We correlated the patterns in each ROI with the corresponding localizer feature templates (see Methods) but were unable to detect reliable feature responses from IFS or mOFC in the localizer data40. We found significant similarity among task patterns and feature templates for all conditions, p < .001, permutation test, FDR corrected, except for hippocampal responses to conjunctive stimuli, p = .116, permutation test, FDR corrected, Fig. 6. As expected, the hippocampus had lower similarity to feature templates than PRc, p < .001, and PHc, p < .001, permutation test, Supplementary Note 11, 12. This effect was not likely driven by regional signal quality differences, as the hippocampus had the strongest within-stimulus coding, Fig. 4a. The hippocampal feature template was more similar to the response to a single-feature stimulus than to a two-feature stimulus, p < .001, permutation test, consistent with a gradient in pattern separation as the number of task-relevant features increased. This effect was larger in the hippocampus than either PRc, p < .001, or PHc, p < .001, permutation test.
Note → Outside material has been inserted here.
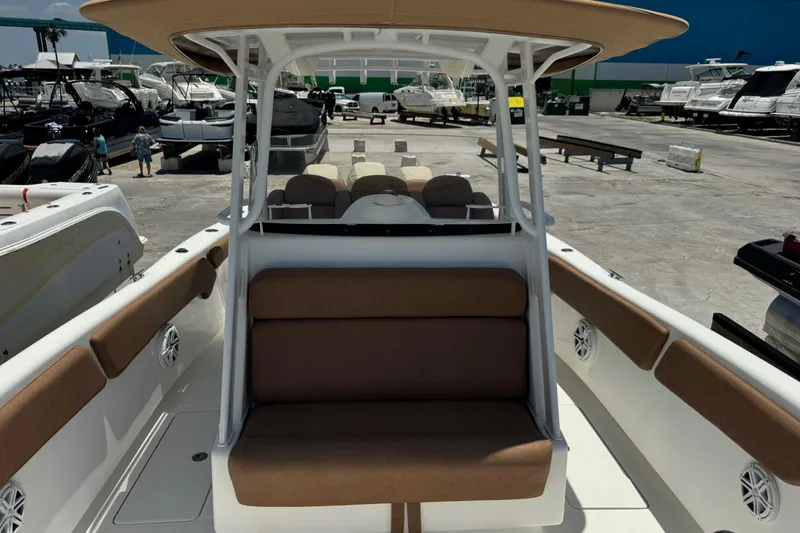 Slide: The Image of 2010 Deep Impact 36 DI boat with brown seating, docked in a marina. - 17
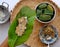 Woman hand making flat rice dumpling, stuffing from vegetable onto rice flour, vegan rice cake leaf from Hue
We confirmed these results using a parametric mixed effects analysis and also performed a control analysis to verify the results were not driven by stimulus-general activation, Supplementary Figure 6, Supplementary Note 13. Unexpectedly, we also observed that the similarity in PRc and PHc was stronger for two-feature than for single-feature stimuli, both p < .001, permutation test. In the mixed effects model, this result was marginally significant in PRc and nonsignificant in PHc and should be interpreted with caution.
Discussion
We found evidence that pattern separation in the hippocampus enabled learning of stimulus-outcome relationships over multi-featural stimuli. Our finding of overlapping representations of conjunctions that shared features in PRc and PHc, in combination with our finding of mixed conjunctive and feature learning in both behavior and the striatal error response, suggest that feature representations influenced learning even when they did not benefit performance. The striatum receives inputs from diverse cortical and subcortical areas and might integrate predictions from systems that represent the environment in different ways (e.g., conjunctive versus feature)41,42. Over longer training periods it seems reasonable that subjects would learn to down-weight the influence of cortico-striatal synapses representing uninformative features. Attention could support this process by influencing the relative strength of representations of conjunctions versus features24.
Lesion studies showing dissociations between the hippocampus and striatum in learning43 along with some imaging studies demonstrating a negative relationship between hippocampal and striatal learning signals44 have led to the hypotheses that these regions compete during learning and that learning transfers from hippocampal to striatal systems over time. By contrast, other evidence suggests cooperative interactions. For example, neurons in the striatum represent spatial information derived from hippocampal inputs45 and contextual information in the hippocampus drives the formation of conditioned place preferences via its connection to ventral striatum41,46. These findings, in concert with our own, support a model in which hippocampal information about spatial contexts, location, or conjunctions serves as inputs for striatal associative learning (see Supplementary Discussion).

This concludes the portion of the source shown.